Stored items

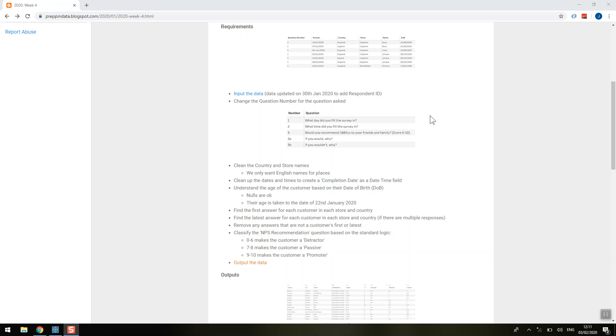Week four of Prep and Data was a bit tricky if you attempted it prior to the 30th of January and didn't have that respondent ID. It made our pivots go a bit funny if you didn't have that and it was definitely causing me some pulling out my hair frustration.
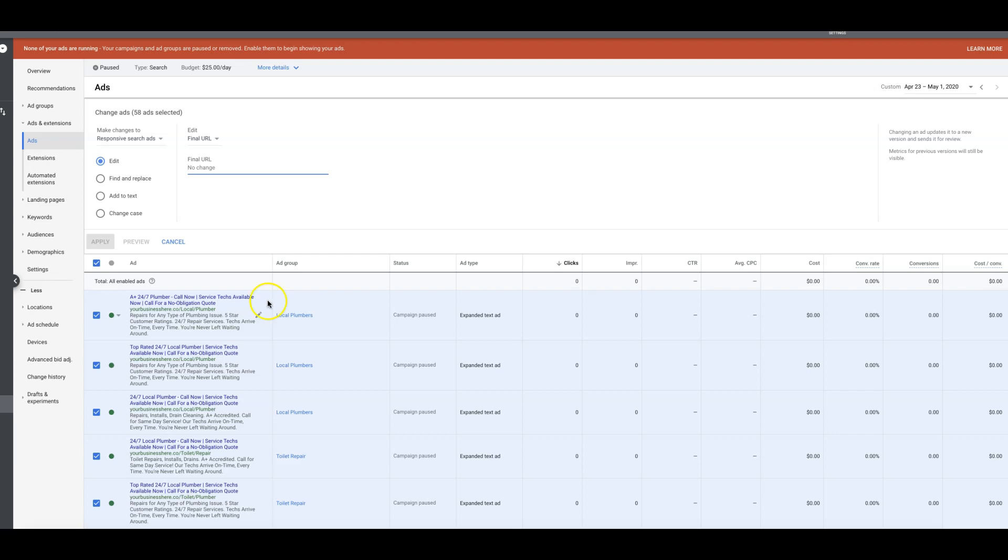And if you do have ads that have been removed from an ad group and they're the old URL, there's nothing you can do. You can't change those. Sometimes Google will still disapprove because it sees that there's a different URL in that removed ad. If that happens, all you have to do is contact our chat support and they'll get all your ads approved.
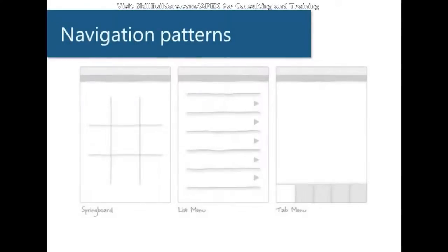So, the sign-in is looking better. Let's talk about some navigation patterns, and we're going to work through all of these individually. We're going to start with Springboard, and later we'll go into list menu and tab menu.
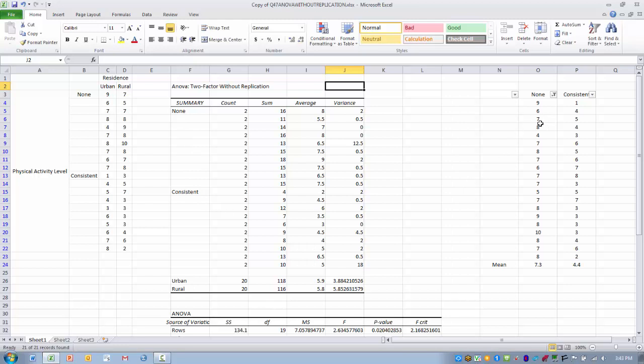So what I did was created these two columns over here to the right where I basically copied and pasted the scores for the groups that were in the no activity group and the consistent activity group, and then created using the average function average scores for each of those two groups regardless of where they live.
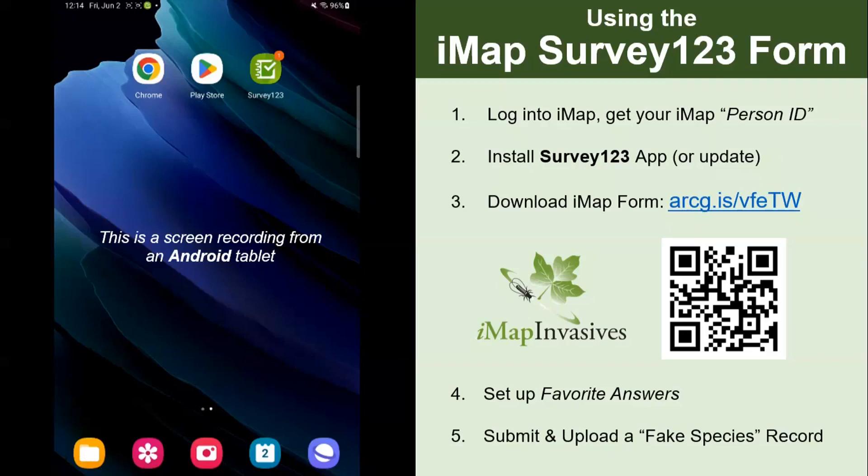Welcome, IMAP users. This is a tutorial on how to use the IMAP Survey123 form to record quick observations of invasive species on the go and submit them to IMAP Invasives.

---

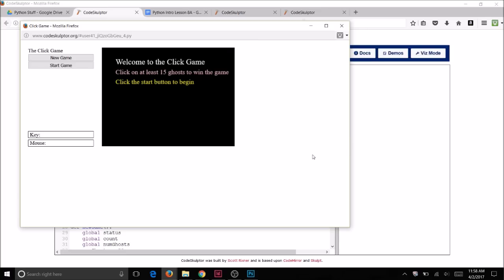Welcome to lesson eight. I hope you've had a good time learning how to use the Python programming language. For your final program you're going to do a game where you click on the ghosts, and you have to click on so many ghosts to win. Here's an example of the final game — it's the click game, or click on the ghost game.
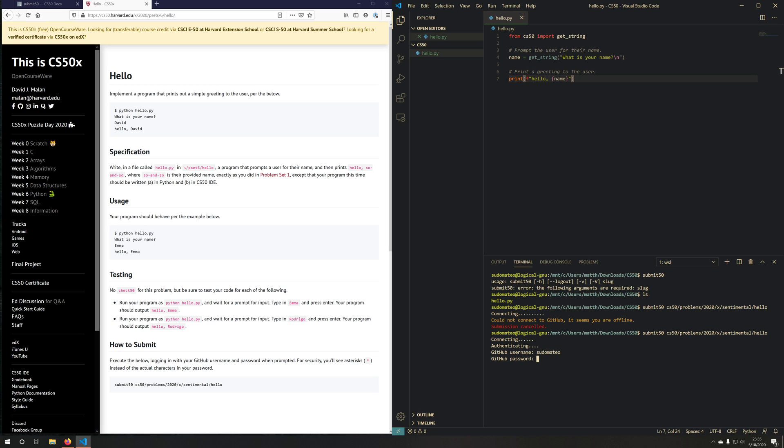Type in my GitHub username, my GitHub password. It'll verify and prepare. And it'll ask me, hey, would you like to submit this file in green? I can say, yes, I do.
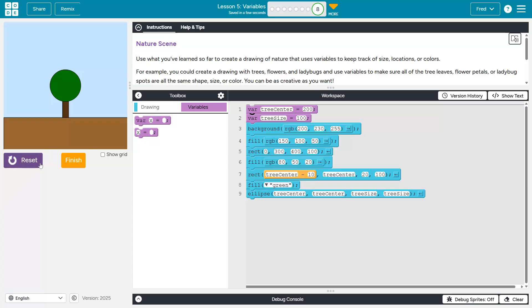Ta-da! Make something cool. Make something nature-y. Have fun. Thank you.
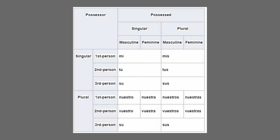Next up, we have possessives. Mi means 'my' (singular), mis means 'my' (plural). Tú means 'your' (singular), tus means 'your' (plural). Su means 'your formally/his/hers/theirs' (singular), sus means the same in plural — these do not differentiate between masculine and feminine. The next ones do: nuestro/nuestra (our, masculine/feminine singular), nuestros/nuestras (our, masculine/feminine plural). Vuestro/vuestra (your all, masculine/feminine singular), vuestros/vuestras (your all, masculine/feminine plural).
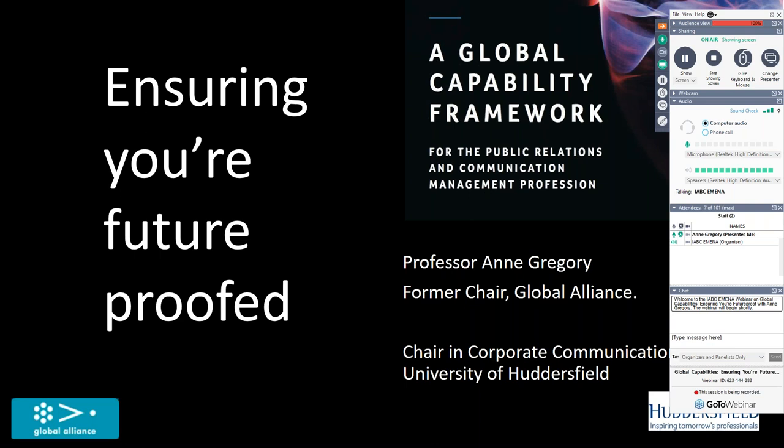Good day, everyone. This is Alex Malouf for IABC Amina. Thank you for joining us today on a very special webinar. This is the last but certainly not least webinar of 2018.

EXERCISE DIRECTIONS: Your output should be the lines above from the one that contains "Next up, we" through the one that contains "Good day, everyone.", word for word, with pictures left out.

COMPLETED EXERCISE:
Next up, we have possessives. Mi means 'my' (singular), mis means 'my' (plural). Tú means 'your' (singular), tus means 'your' (plural). Su means 'your formally/his/hers/theirs' (singular), sus means the same in plural — these do not differentiate between masculine and feminine. The next ones do: nuestro/nuestra (our, masculine/feminine singular), nuestros/nuestras (our, masculine/feminine plural). Vuestro/vuestra (your all, masculine/feminine singular), vuestros/vuestras (your all, masculine/feminine plural).
Good day, everyone. This is Alex Malouf for IABC Amina. Thank you for joining us today on a very special webinar. This is the last but certainly not least webinar of 2018.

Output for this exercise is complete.